GeekBrainDump: 2012

Wednesday, November 21, 2012

hg over ssh

I'm working with a repo that I can't access using http, so it's just as well that Mercurial works just fine and dandy over ssh as well - you just have to do a little bit of tweaking to the basic configuration to get things working smoothly.

Add the following to the client .hgrc:

[ui]
remotecmd=<path_to_hg>

Where <path_to_hg> is the path to the hg executable on the main repo machine.

This was from StackOverflow: cloning-a-mercurial-repository-over-ssh

Now, I'm working very remotely from the main repo (6000 miles) so it is worth using compression.
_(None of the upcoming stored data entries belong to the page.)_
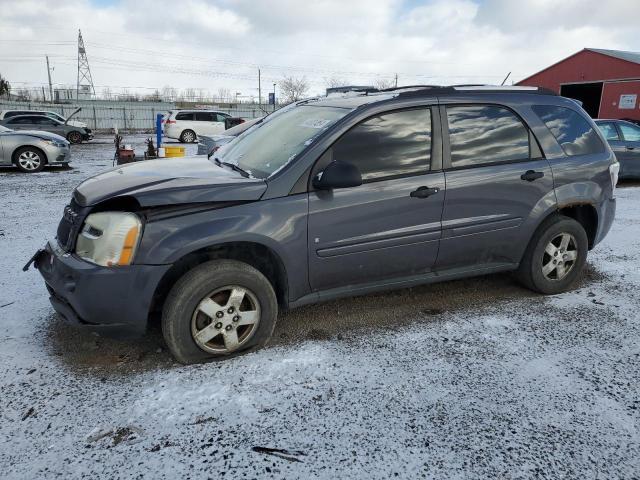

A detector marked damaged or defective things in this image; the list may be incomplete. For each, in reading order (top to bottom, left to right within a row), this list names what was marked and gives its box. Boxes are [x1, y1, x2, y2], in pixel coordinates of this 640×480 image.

damaged gray suv [28, 86, 620, 364]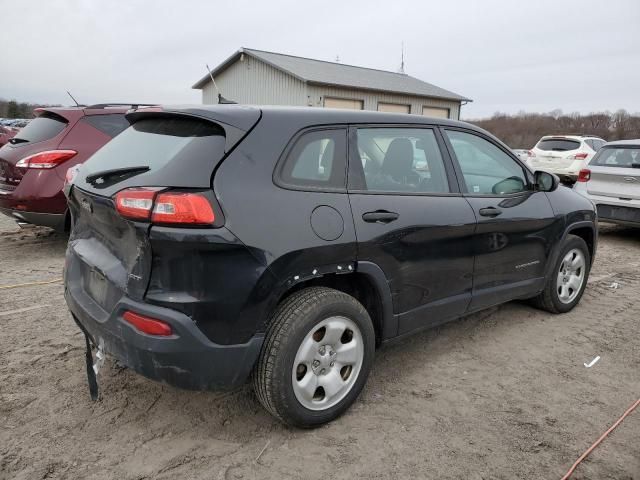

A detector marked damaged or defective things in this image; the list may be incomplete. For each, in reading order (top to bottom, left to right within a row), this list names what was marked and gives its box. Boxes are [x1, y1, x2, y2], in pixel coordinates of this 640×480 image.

damaged rear bumper [64, 284, 262, 390]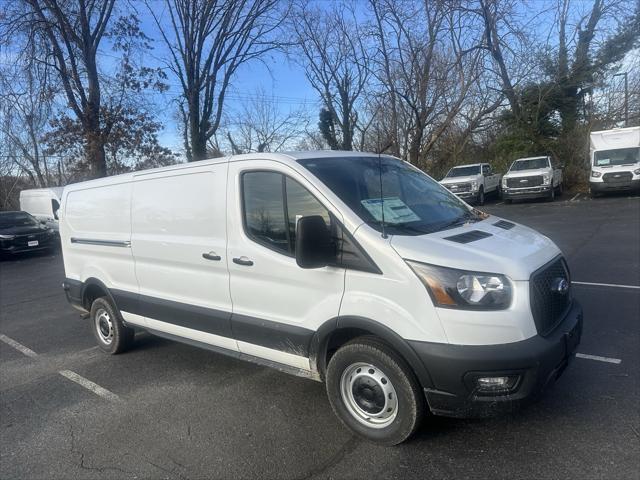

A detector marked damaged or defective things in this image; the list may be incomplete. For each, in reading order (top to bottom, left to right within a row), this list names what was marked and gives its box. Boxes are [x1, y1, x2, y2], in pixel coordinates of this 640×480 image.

pavement crack [296, 436, 360, 480]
Just add the following to the [ui] section of .hgrc:

ssh = ssh -C

You could also configure ssh to use compression by default (see details in link below).
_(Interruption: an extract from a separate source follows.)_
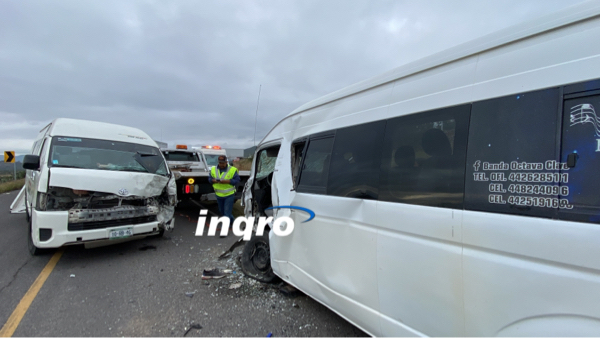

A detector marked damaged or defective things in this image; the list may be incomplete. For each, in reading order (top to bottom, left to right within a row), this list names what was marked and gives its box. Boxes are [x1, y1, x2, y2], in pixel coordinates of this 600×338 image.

damaged white van [12, 118, 177, 254]
crumpled hood [49, 168, 171, 197]
damaged white van [241, 1, 600, 336]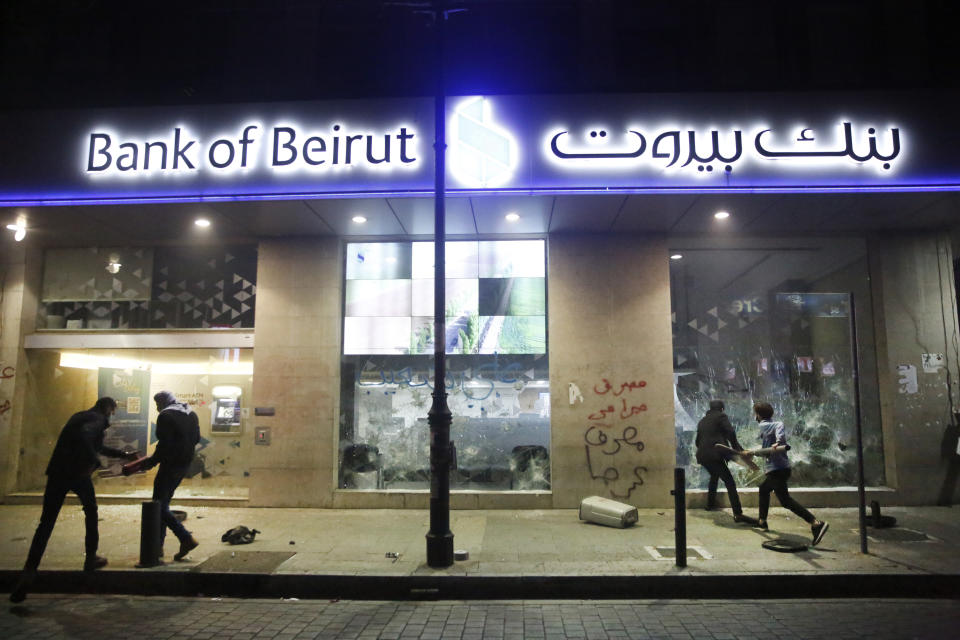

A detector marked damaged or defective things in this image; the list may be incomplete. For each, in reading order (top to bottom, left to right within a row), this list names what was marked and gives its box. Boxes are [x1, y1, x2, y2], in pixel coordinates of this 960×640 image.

This page has a good overview of using ssh with mercurial: collaborating-with-other-people

Thursday, October 18, 2012

bash while loops and pipes

In bash, if you pipe into a while loop, the while loop is run in a subshell. This means that you're going to be very disappointed if you were hoping to capture data/variables within the loop.

The work around is to not have the pipe there - which is possible through process substitution.

e.g.

echo -e "one\ntwo\nthree" | \
 while read name;
  do val=$name;
  echo $val;
 done;
echo $val

This outputs:

one
two 
three

Notice that the final value "three" is not printed twice as 'val' no longer contains a value.

And the work around:

while read name; 
 do val=$name;
 echo $val;
done < <(echo -e "one\ntwo\nthree")
echo $val

which now outputs:

one
two
three
three

Success! (or, if you're a "Bill and Ted's Bogus Journey" fan - Station!).

Monday, October 8, 2012

Mercurial file patterns

I wanted to add all the scripts in a directory tree to the local Mercurial repository. I was going to do something like this:

> find . -name \*.sh | xargs hg add

Which is nice enough (find and xargs go well together), but you can also do it using just Mercurial using patterns. e.g.

> hg add 'glob:**.sh'

The two most useful patterns (for me) are:

'*' match any text in the current directory only
'**' match anything in the entire tree

The patterns are much richer than this though; see hg help patterns for more on what's available (including regexes).

Tuesday, June 5, 2012

Removing VMWare Player - blank grey dialogue box

I've just spent way too long trying to upgrade VMWare Player on my laptop. The issue was that, when I tried to uninstall the incumbent version, I was presented with an unhelpful blank grey dialogue box... Notice the lack of, well, anything.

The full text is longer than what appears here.